Has the advantages that:
according to the invention, the probability of the pressure sore adverse event of the patient under the current physical condition can be obtained in real time after the relevant characteristic indexes of the patient are input, the model optimization is carried out on the basis of the early prediction of the pressure sore adverse event of the small unbalanced sample of the random forest, the prediction precision reaches 94.92%, the model can process the pressure sore detection work of the patient in batches, the model can autonomously predict the occurrence risk of the pressure sore adverse event of 1000 patients and automatically record and store the prediction result for only 100S, the risk prediction can be carried out on 36000 people in a hospital within one hour, and the prediction result can provide decision basis for the decision-making of whether medical staff carry out pressure sore early intervention treatment on the patient and the relevant treatment scheme.
It is to be understood that both the foregoing general description and the following detailed description are exemplary and explanatory only and are not restrictive of the disclosure.
Drawings
In order to more clearly illustrate the embodiments of the present invention or the technical solutions in the prior art, the drawings used in the description of the embodiments or the prior art will be briefly described below, it is obvious that the drawings in the following description are only some embodiments of the present invention, and for those skilled in the art, other drawings can be obtained according to the drawings without creative efforts.
FIG. 1 is a flowchart of an early stage prediction method for pressure sore adverse events based on unbalanced small samples of random forests according to an embodiment of the present invention;
fig. 2 is a ten-fold cross validation result diagram provided in the embodiment of the present invention.
Detailed Description
In order to make the objects, technical solutions and advantages of the present invention more apparent, the present invention is described in further detail below with reference to the accompanying drawings and embodiments. It should be understood that the specific embodiments described herein are merely illustrative of the invention and are not intended to limit the invention.

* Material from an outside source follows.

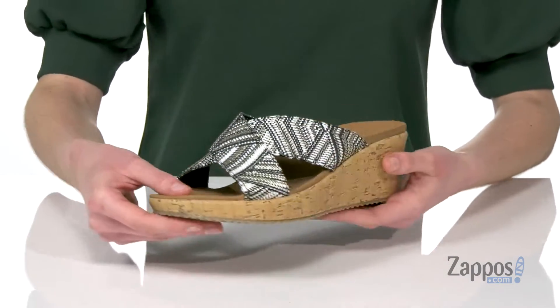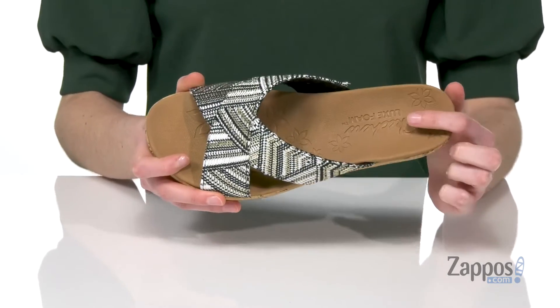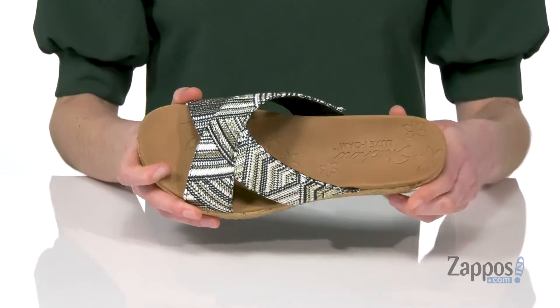These would look really cute with some light wash jeans. They've got a textured outsole underneath with the Skechers logo, and inside a squishy luxe foam footbed. Add a little shine to your wardrobe with this style from Skechers.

As shown in fig. 1, in the embodiment of the present invention, a method for early predicting an adverse pressure sore event based on an unbalanced small sample of a random forest is provided, which specifically includes the following steps:
step S101, acquiring clinical data, performing feature extraction and preprocessing on the data based on clinical experience to obtain preprocessed data, and dividing the preprocessed data into a training set and a test set.
In the embodiment of the invention, pressure sore feature extraction and data preprocessing based on clinical experience: the data comes from a Hospital of Hunan province, the original pressure sore data set is complicated in data, high in redundancy and sparse in key information, unstructured data accounts for more than 80%, abnormal points and noise are caused by errors in the process of inputting a small amount of data, the data are firstly structured and preprocessed, text data (such as medical advice) are structurally processed through a natural language processing method, then a quartile method is adopted to remove abnormal data, and a model method is used for completing missing data.
The invention determines indexes by adopting a correlation analysis method based on a component pressure sore adverse event index system such as expert interview, hierarchical analysis and the like, and the extraction rule of the indexes is detailed in table 1.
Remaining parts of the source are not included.